Search code examples
node.jsexpressherokuconcurrencyprocess

Understanding Node.js concurrent process and variable scope


I have an Express.js app that I am now adding Node cluster support to with Throng. I haven't managed to wrap my head entirely around how processes should work with clusters. I'm specifically confused about what should be included in my start function.

For example.

// Setup Bull producers
const Bull = require('bull');
const urgentQueue = new Bull('urgent-queue', REDIS_URL);
const normalQueue = new Bull('normal-queue', REDIS_URL);

// Express app using Slack Bolt framework
const {App, ExpressReceiver} = require('@slack/bolt');
const expressReceiver = new ExpressReceiver({
    signingSecret: process.env.SLACK_SIGNING_SECRET,
    endpoints: '/slack/events'
});

const app = new App({
    authorize: helpers.authorize,
    receiver: expressReceiver
});

// Other functions go here, redacted for example


// Schedule our repeating Bull jobs in our master process
const startMaster = async() => {
    await normalQueue.add('update-presence', {repeat: {cron: '0,15,30,45 * * * *'}});
    await urgentQueue.add('nightly-billing', {repeat: {cron: '0 0 * * *'}});
    await urgentQueue.add('process-trials', {repeat: {cron: '30 0 * * *'}});
    console.log('⚡️ Master process has run!');
};

// Our workers can spawn multiple apps
// QQQ should all of this go inside of the start function (including the express definitions above?)
const startWorker = async () => {
    await app.start(process.env.PORT || 5000);
    console.log('⚡️ Visual Office  app is running!');
};

// Launch with concurrency support
const throng = require('throng');
var WORKERS = process.env.WEB_CONCURRENCY || 1;
throng({
    workers: WORKERS,
    lifetime: Infinity,
    master: startMaster,
    start: startWorker
});
console.log(`launched with ${WORKERS} concurrent processes`)

My question essentially boils down to variable scoping. With the example code above, it references constants that are defined outside of the master or start functions. Most examples I've seen show complete express apps inside of the start function, rather than simply calling the app.start function inside of the start worker function.

Is this because referencing it this way defeats the purpose? As in the process workers are referencing the same object in memory, despite being in separate processes?


Solution

  • Your example shows the use of the throng module. Looking at its code, it uses the nodejs cluster module. I can offer some explanation both in terms of the built-in nodejs cluster module (which should apply to throng) or in terms or the built-in worker_threads module.

    cluster module

    The cluster module starts completely separate processes. They don't share any memory or any variables, though they are configured so they can send socket handles from one process to another or they can send variables to each other which will be copied. If you define constants in your cluster startup code, those same constants will be used in each cluster (just because they each run the same startup code and thus each initialize themselves the same). But, if you have a global or a module level variable that you intend to change, whatever change you make will be entirely local to that process and not reflected in the others.

    worker_thread module

    The worker_thread module lets you start one or more threads in the same process. Each thread is its own V8 interpreter and they don't, by default, share any variables or memory (global or module). Variables that you pass between the main thread and a worker thread, either via workerData or via postMessage() are copied to be separate variables in the receiving thread. Objects are copied with a structured cloning process.

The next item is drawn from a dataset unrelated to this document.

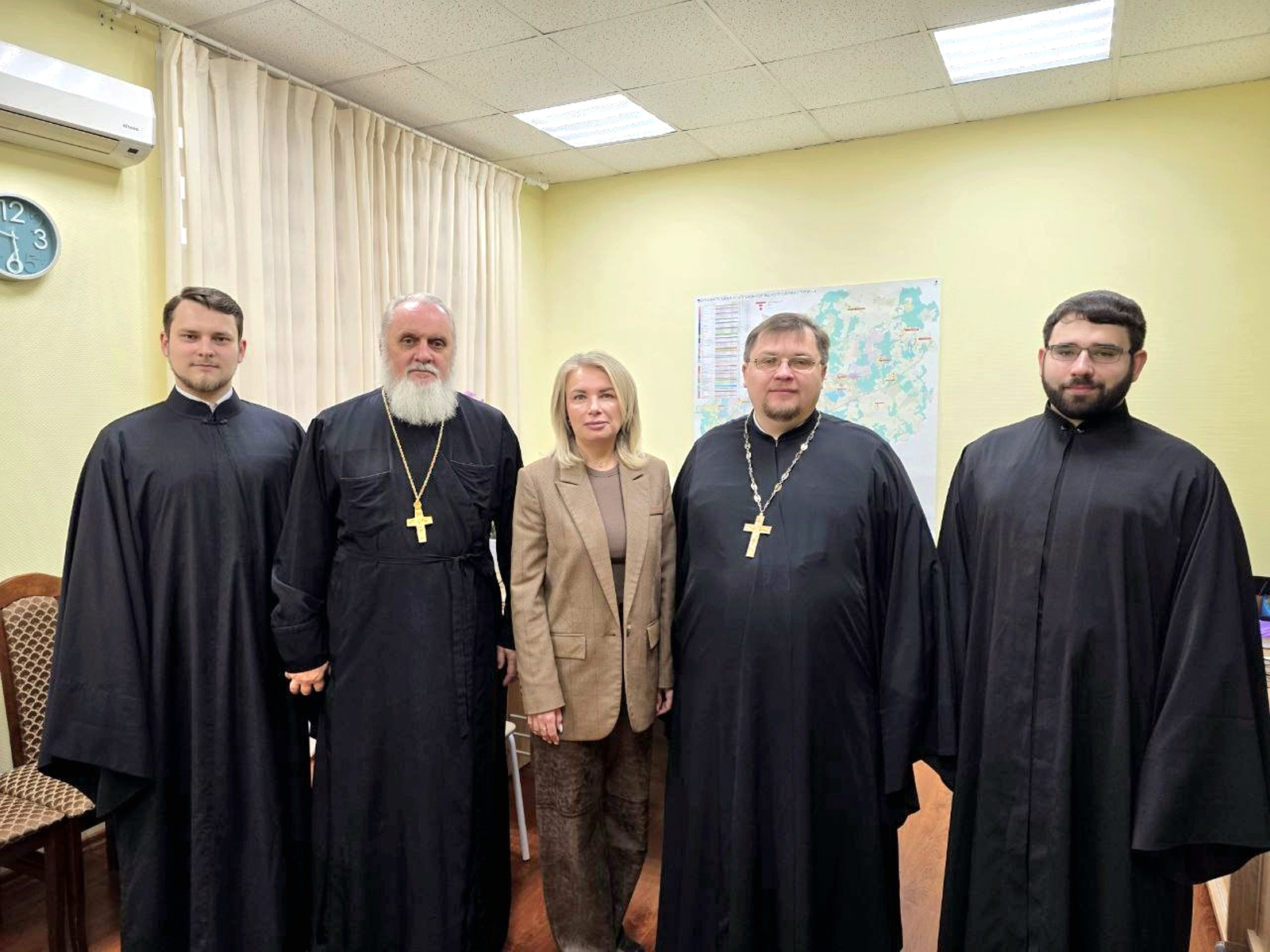 Фото: Управление образования г.о. Ступино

    But, they are in the same process so doing something like calling process.exit() from a worker thread will exit the entire process (you can separately kill just the thread if you want).

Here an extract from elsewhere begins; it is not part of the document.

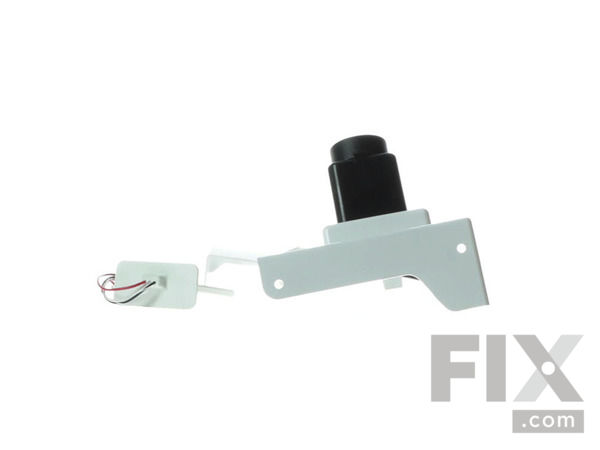 1484571-1-S-Whirlpool-2313702           -Water Pump Assembly 360 view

    Worker threads can share memory by allocating memory as a SharedArrayBuffer which then the main thread and all workers can all access. There is no automatic synchronization of access to that memory so expected multi-threading concurrency issues can occur unless you either use some of the synchronization primitives that nodejs now offers or unless you have a design such that only one thread at a time ever has a reference to that shared memory (that's what I've been doing in my recent app - passing a sharedArrayBuffer to a specific worker for it to carry out an operation on and then it passes it back when it's done with the job and the main thread does not keep a reference to it while the worker is working on it).

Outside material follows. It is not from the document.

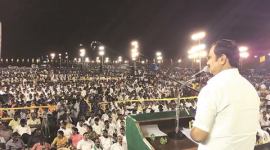 tamil nadu polls, tamil nadu assembly elections, S Ramadoss, DMDK, VCK, DMK, Dravidian parties, anti-Dalit riots, M Karunanidhi, Jayalalithaa, indian express elections, indian express news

    Memory shared in this way isn't a set of variables, it's a buffer of memory, but you can interpret the memory however you want to make it into specific meaningful variables.

    Note that shared memory isn't automatically available to every thread, but instead you have to pass it to the thread, either in the initial workerData or using postMessage() before it gets a reference to it. sharedMemory is literally allocated from a different heap. I believe it was first developed by V8 for use with webWorkers in the browser, but works now in node.js too.